Commuters on the Chennai Central-Gummidipoondi suburban line are concerned about irregular train services, poor maintenance and lack of amenities such as drinking water, public convenience and security in the stations.
They feel that the services and amenities provided on the Chennai Central-Thiruvallur-Arakkonam and the Chennai Beach-Tambaram-Chengalpattu sections are much better.

Trains are scheduled to transit between Gummidipoondi and Chennai Central in 80 minutes, but trains they usually take 120 minutes to cover the 46 km. It is common for trains to wait for clearance at signals between Ennore-Chennai Central. All the trains are always late by 20 to 30 minutes.

===Gummidipoondi - Sulurpeta (AP)===

- Suburban trains; runs on two main lines.
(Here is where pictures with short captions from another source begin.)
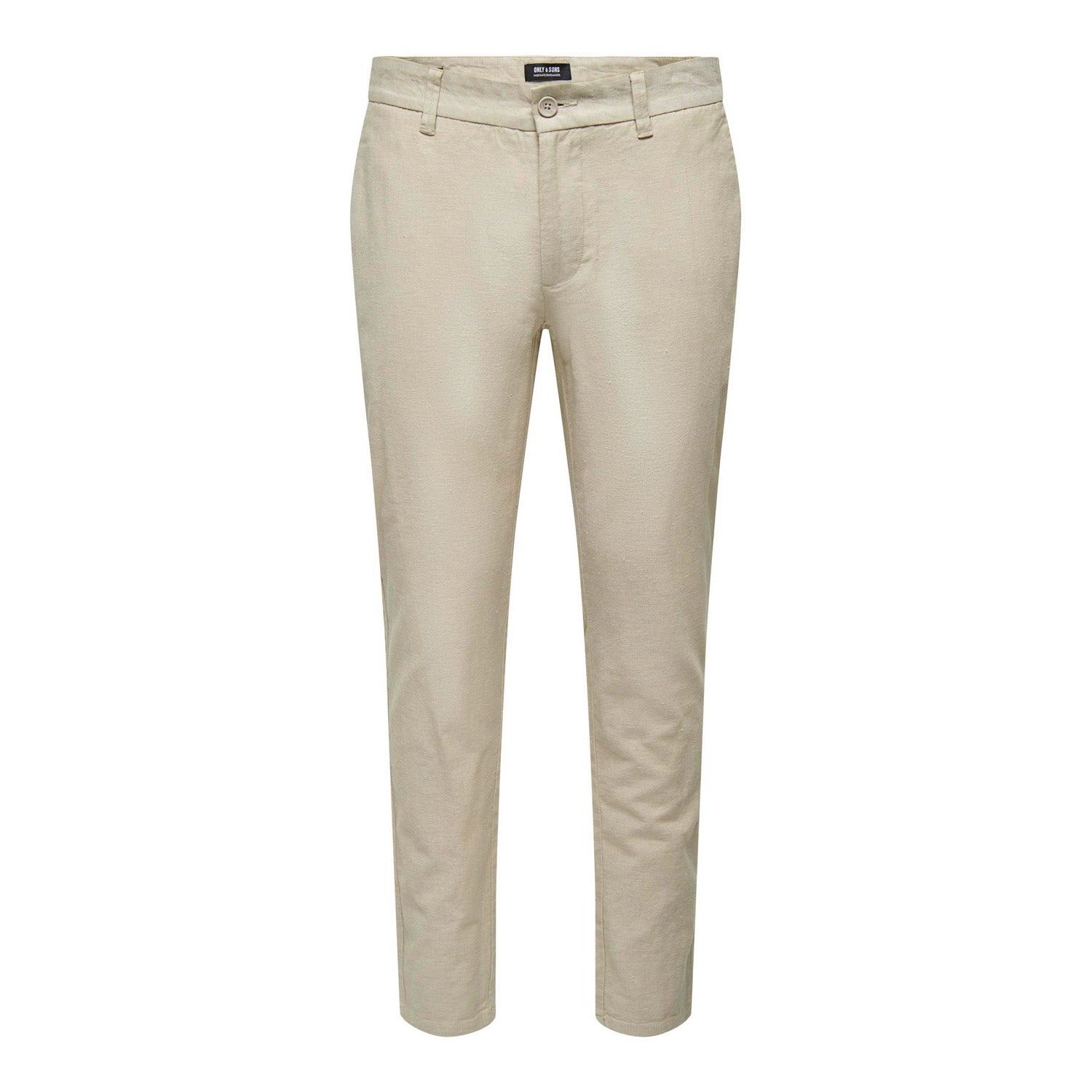 ONLY & Sons Mark Tap Cotton Linen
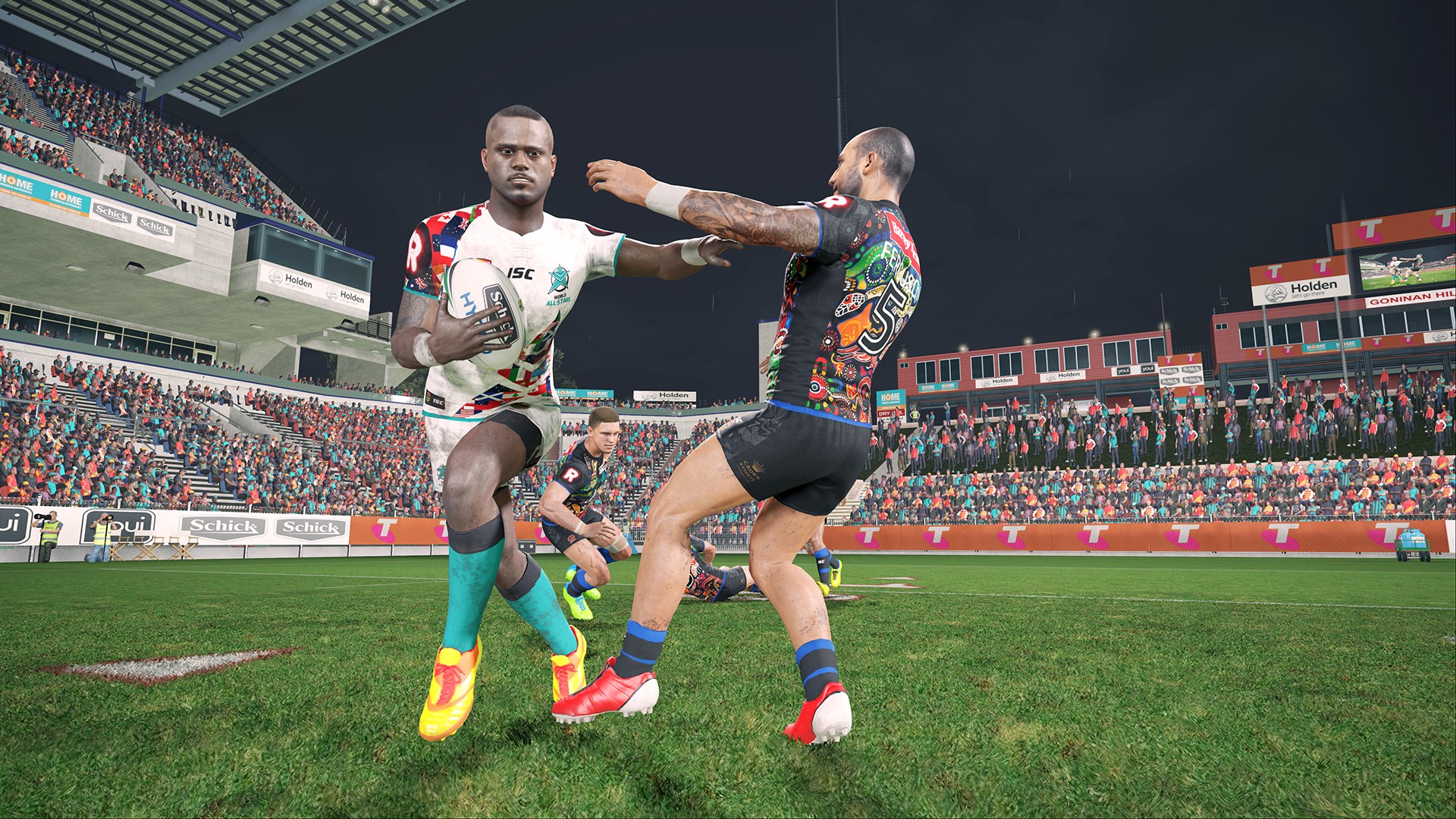 rugby league live 4 xbox one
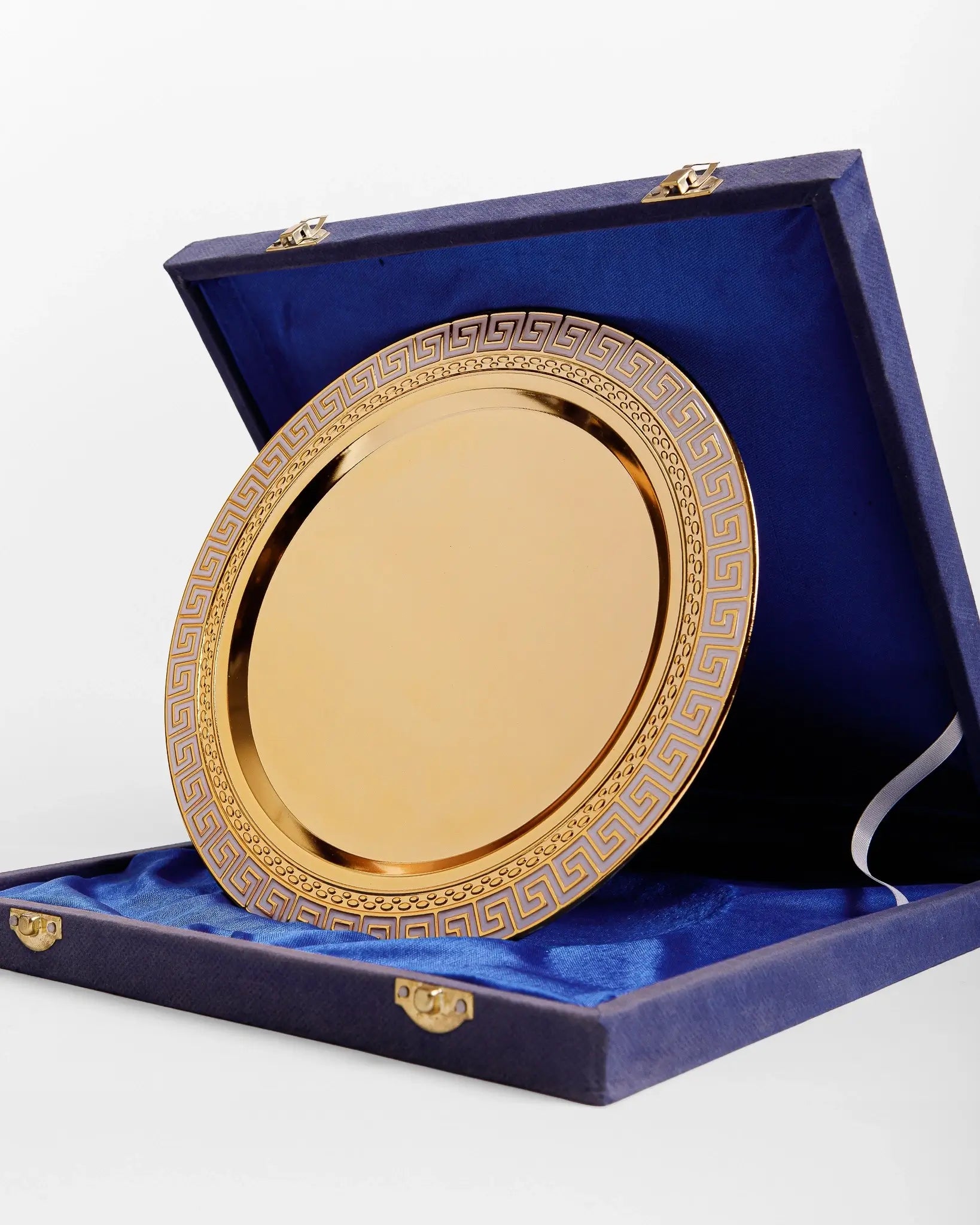 SILVER METAL PLATE WW-29G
===Sulurpeta(AP) - Bitragunta (AP)===

- MEMU trains run between Chennai Central MMC and Nellore to be extended to Bitragunta.
- Passenger trains run between Chennai Central MMC and Bitragunta via Nellore.

==Expansion==
The third and fourth lines in the route is being laid at a cost of ₹ 2,750 million. The memorandum of understanding (MoU) for exchange of land between the Southern Railways and Chennai Port Trust was signed in 2015 to commission the third and fourth lines. The fourth line between Chennai Beach and Athipattu costs ₹ 1200 million running to a length of 22.1 km. The third line between Athipattu and Korukkupet was commissioned at a cost of ₹ 1,550 million, running for a length of 18 km and the fourth line in the section between Tiruvottiyur and Ennore for a length of 7 km was commissioned on 24 June 2017. The third line between Chennai Beach and Korukkupet will run for a length of 4.1 km at a cost of ₹ 1,420 million and is expected to be completed by March 2018.